Obama has acted clumsily. He’s proved to be a poor negotiator, alienating congressional Republicans rather than finding even a shred of common ground. He has turned to issuing executive orders, a sure sign of weakness. Legislation passed by Congress is difficult to repeal. Executive orders can be erased at a stroke of the next president’s pen.

Obama isn’t the only cause of Washington’s power shortage. The capital’s political community—bureaucrats, lobbyists, ideological groups, trade organizations, the press, hangers-on of all stripes—plays a role. This body of permanent Washingtonians believes that it knows not only what’s best for America, but where things are headed. More often than not it guesses wrong.

The consensus in Washington was that Obama would “pivot” to the center after the Republican landslide in the 2010 midterm elections. He moved left. And according to the prevailing view in Washington, Obama would be a strong favorite to win a second term. But his reelection prospects are no better than 50-50.

There’s more. Washington looked askance at the Tea Party, but took the Occupy Wall Street movement quite seriously when it came to town.
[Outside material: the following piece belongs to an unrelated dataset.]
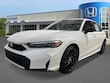 Honda Civic Hybrid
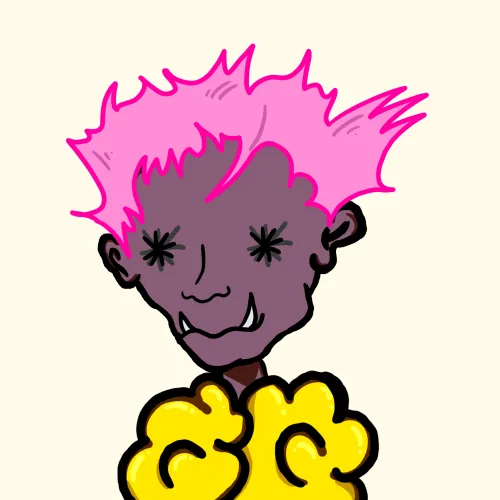 Demon Time Wtf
The Washington Post treated Occupy Washington as a group of idealists with nothing on their minds but the betterment of life for all Americans. The Tea Partiers, in contrast, were harmful extremists.

When Obama refused to accommodate the Tea Party message of the 2010 elections, the Washington community followed suit. There was outrage, for example, at the idea that raising the debt limit should be accompanied by cuts in federal spending. That the president might be obligated to compromise with Republicans on the spending issue was not taken seriously.

Here, the division between Washing--ton and much of the country has emerged once more. The expectation in Washington was that Republicans had hurt themselves badly by insisting on cuts. But polls showed the opposite was true. Obama’s job approval fell.

Despite this, Washington’s negative view of Republicans has hardened, and Obama’s self-serving scenario has been accepted. His narrative: I’ve tried to bring Republicans on board, but they’re committed to obstructionism. In fact, Obama offered Republicans nothing to gain their votes on his economic stimulus or the health care bill and little in budget cuts except from defense.

Americans want to like their presidents. But they’re not crazy about bureaucrats, either in Washington or anywhere else. Yet Obama is bent on giving unelected bureaucrats greater authority in the federal government. Obamacare and Dodd-Frank, the Wall Street reform bill, created at least 188 new boards and commissions, offices and grant programs, to be run by bureaucrats.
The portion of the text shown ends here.